» **PROBLEM REQUIREMENTS**:
Return the run of lines below that opens with the line containing "Poster an aerial" and closes with the line containing "Topshop Womens Blue", keeping each one exact.

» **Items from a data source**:
****************

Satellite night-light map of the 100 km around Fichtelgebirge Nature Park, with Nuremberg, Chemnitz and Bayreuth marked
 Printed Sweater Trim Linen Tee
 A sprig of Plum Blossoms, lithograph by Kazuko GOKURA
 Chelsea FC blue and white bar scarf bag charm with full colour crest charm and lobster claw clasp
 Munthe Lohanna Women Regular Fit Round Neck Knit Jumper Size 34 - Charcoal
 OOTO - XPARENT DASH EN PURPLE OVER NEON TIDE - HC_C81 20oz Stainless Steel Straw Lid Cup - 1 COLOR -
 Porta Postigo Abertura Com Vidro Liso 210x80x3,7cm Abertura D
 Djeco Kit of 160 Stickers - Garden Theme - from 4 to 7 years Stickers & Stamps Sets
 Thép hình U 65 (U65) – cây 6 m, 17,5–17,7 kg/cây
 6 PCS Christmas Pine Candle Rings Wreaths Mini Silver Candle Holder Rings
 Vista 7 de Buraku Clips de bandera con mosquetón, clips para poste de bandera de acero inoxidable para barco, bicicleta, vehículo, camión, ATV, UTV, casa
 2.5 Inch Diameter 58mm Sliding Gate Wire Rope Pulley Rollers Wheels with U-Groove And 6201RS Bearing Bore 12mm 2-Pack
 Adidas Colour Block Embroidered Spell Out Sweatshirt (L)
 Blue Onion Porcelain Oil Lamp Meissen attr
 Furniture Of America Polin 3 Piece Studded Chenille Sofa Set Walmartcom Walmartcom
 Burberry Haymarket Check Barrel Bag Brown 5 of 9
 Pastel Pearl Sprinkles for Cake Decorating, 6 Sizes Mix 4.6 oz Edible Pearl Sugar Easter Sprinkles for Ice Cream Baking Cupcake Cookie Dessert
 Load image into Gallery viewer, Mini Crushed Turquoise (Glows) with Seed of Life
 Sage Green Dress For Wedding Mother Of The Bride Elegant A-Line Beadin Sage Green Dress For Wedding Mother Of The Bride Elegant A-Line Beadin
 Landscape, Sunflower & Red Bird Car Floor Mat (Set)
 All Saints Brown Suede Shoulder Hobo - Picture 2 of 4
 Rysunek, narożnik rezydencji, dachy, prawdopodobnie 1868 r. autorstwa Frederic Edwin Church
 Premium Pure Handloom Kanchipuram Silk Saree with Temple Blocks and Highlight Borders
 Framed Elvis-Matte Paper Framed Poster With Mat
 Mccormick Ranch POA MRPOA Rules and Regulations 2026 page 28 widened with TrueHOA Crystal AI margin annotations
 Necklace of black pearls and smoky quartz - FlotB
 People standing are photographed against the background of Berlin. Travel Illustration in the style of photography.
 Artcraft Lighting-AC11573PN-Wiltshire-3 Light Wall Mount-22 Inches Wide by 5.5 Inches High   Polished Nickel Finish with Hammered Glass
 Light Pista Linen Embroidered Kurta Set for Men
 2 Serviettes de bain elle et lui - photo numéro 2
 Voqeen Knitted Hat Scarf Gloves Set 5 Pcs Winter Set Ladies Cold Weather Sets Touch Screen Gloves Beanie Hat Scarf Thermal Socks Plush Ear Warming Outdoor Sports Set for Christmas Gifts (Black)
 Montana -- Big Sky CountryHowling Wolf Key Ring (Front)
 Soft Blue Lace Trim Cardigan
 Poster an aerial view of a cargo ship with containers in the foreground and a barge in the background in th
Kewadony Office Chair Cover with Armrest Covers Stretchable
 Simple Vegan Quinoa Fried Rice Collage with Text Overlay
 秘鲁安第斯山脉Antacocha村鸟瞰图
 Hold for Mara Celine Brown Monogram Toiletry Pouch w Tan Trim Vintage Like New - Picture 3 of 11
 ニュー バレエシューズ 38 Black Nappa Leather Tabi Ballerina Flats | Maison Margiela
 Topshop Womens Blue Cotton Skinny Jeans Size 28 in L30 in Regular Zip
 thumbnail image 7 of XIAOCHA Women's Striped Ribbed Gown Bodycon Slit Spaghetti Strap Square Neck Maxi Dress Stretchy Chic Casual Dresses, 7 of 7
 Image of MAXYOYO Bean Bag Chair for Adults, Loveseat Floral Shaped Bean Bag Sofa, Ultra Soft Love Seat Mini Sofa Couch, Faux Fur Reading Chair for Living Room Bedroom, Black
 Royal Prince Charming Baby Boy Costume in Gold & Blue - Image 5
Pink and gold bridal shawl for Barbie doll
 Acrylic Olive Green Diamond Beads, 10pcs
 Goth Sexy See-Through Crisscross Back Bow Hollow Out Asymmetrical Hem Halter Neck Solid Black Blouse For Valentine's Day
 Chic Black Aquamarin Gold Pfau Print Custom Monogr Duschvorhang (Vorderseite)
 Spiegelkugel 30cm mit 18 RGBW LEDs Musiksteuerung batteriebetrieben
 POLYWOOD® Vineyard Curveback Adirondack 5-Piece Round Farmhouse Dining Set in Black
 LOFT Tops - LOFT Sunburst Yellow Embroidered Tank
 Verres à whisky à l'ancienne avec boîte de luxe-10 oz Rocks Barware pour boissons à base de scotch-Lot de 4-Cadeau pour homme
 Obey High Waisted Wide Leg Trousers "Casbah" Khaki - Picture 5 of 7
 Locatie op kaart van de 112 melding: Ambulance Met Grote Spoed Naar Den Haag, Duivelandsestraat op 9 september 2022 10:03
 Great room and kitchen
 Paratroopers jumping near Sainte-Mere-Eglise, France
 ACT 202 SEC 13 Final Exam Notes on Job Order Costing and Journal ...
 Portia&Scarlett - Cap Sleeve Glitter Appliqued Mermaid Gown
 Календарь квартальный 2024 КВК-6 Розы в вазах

****************

» **TASK RESPONSE**:
 Poster an aerial view of a cargo ship with containers in the foreground and a barge in the background in th
Kewadony Office Chair Cover with Armrest Covers Stretchable
 Simple Vegan Quinoa Fried Rice Collage with Text Overlay
 秘鲁安第斯山脉Antacocha村鸟瞰图
 Hold for Mara Celine Brown Monogram Toiletry Pouch w Tan Trim Vintage Like New - Picture 3 of 11
 ニュー バレエシューズ 38 Black Nappa Leather Tabi Ballerina Flats | Maison Margiela
 Topshop Womens Blue Cotton Skinny Jeans Size 28 in L30 in Regular Zip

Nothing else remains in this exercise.